Image-caption web data —
○ ○ ○

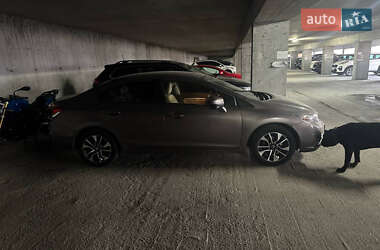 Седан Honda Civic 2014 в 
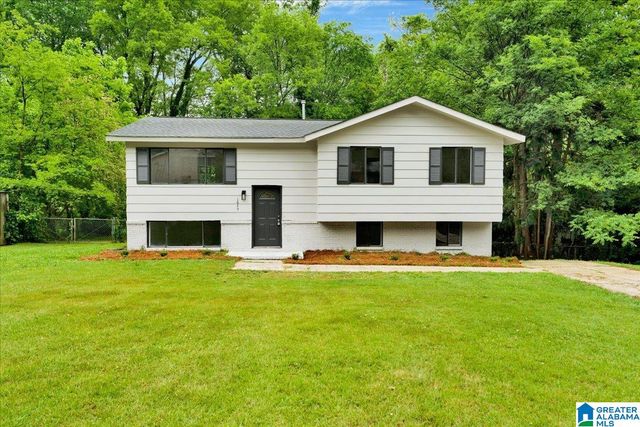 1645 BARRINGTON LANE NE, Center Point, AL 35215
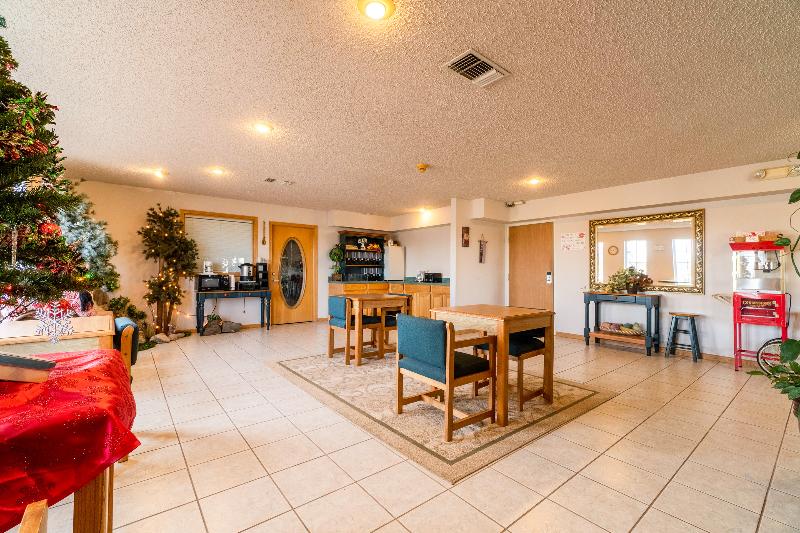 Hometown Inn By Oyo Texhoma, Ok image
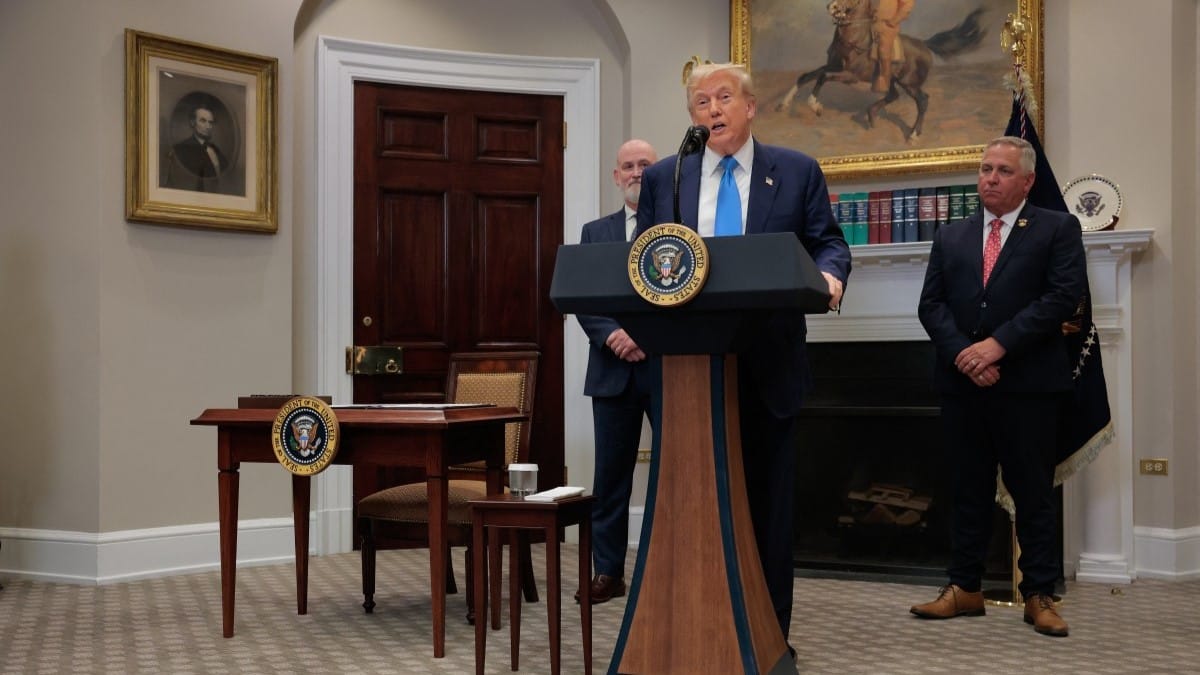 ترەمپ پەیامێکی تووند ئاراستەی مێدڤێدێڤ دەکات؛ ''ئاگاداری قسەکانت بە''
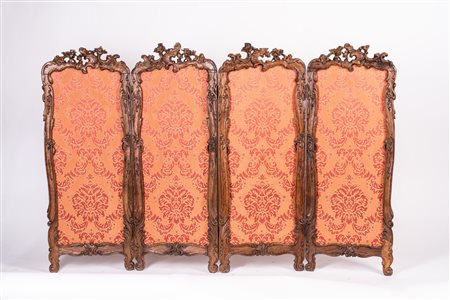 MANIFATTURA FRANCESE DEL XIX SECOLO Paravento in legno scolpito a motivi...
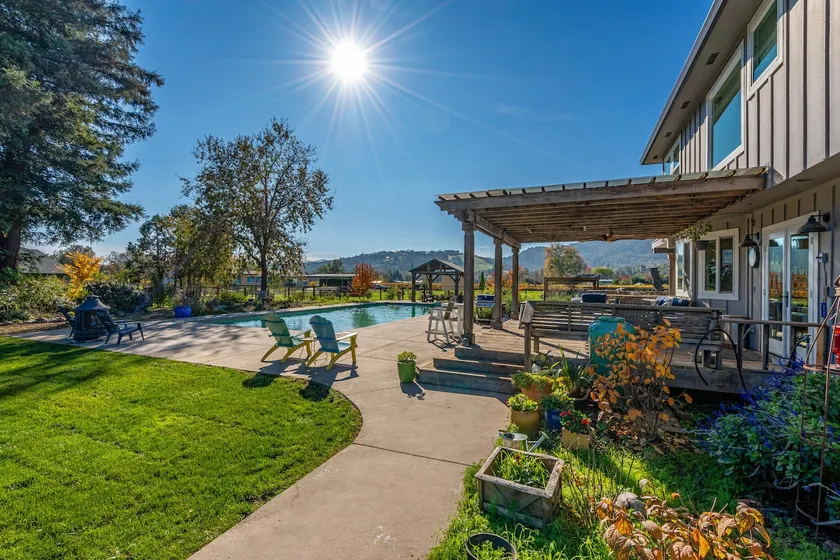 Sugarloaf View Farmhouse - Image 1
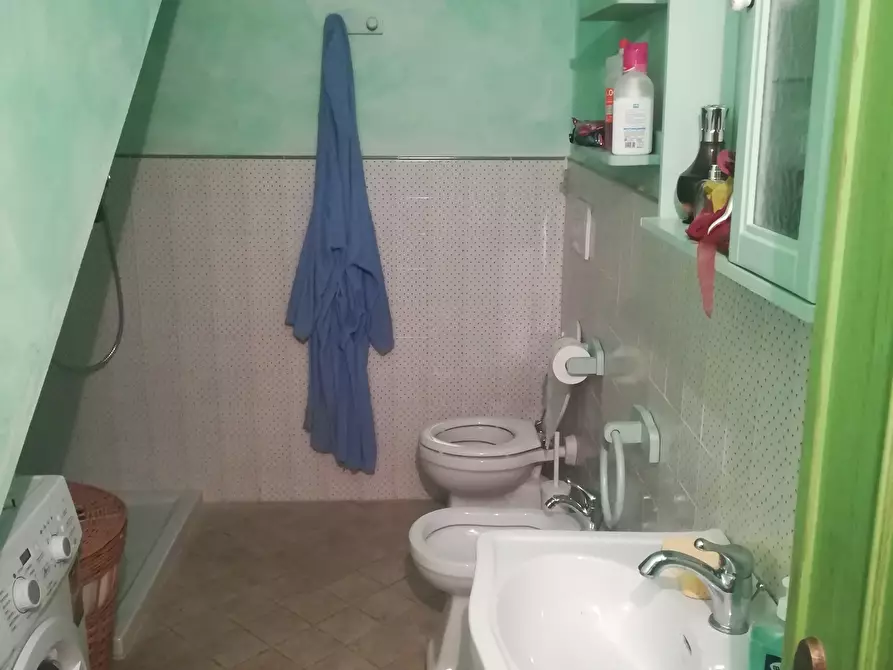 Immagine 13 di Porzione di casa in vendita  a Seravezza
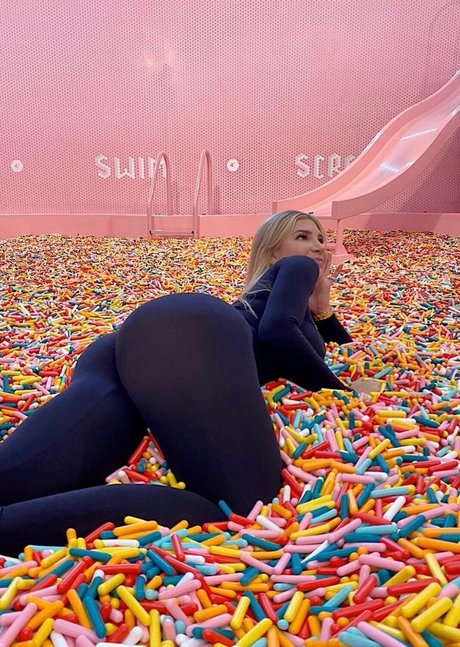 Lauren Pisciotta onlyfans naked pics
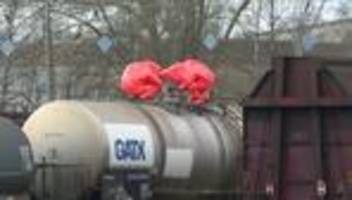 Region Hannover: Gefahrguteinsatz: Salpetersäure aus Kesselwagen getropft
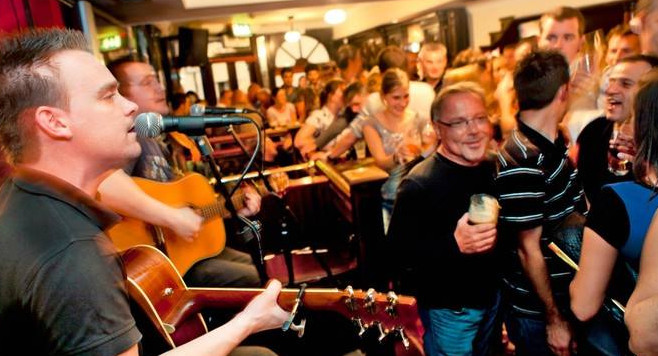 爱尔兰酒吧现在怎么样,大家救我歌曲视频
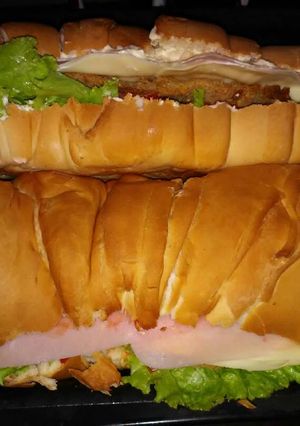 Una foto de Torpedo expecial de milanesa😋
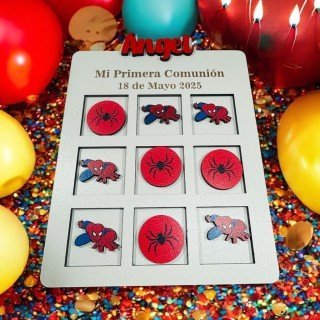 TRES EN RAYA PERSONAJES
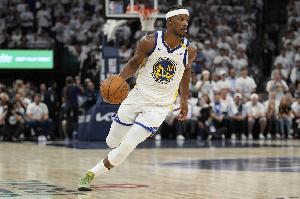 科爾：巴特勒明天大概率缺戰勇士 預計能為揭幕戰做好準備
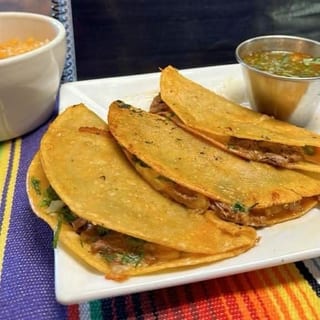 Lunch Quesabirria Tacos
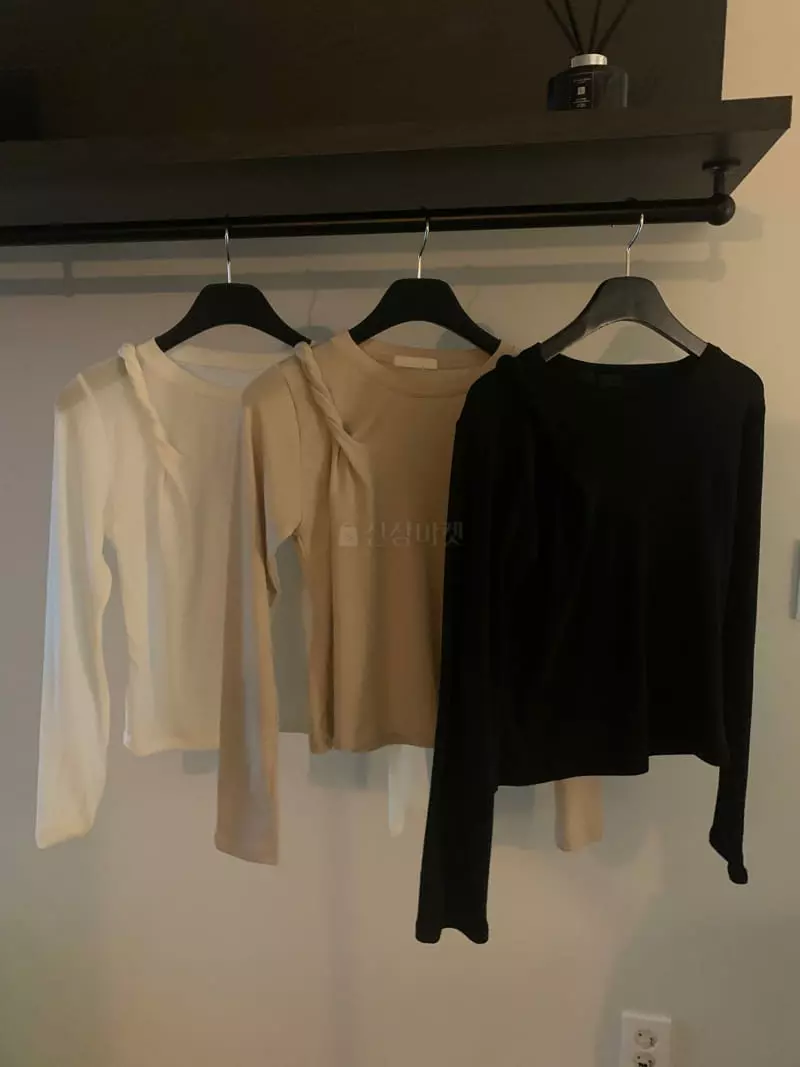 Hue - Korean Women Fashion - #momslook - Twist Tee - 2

○ ○ ○

Work request —
Without the images, print all of the lines above exactly.

Solution to this problem —
 Седан Honda Civic 2014 в 
 1645 BARRINGTON LANE NE, Center Point, AL 35215
 Hometown Inn By Oyo Texhoma, Ok image
 ترەمپ پەیامێکی تووند ئاراستەی مێدڤێدێڤ دەکات؛ ''ئاگاداری قسەکانت بە''
 MANIFATTURA FRANCESE DEL XIX SECOLO Paravento in legno scolpito a motivi...
 Sugarloaf View Farmhouse - Image 1
 Immagine 13 di Porzione di casa in vendita  a Seravezza
 Lauren Pisciotta onlyfans naked pics
 Region Hannover: Gefahrguteinsatz: Salpetersäure aus Kesselwagen getropft
 爱尔兰酒吧现在怎么样,大家救我歌曲视频
 Una foto de Torpedo expecial de milanesa😋
 TRES EN RAYA PERSONAJES
 科爾：巴特勒明天大概率缺戰勇士 預計能為揭幕戰做好準備
 Lunch Quesabirria Tacos
 Hue - Korean Women Fashion - #momslook - Twist Tee - 2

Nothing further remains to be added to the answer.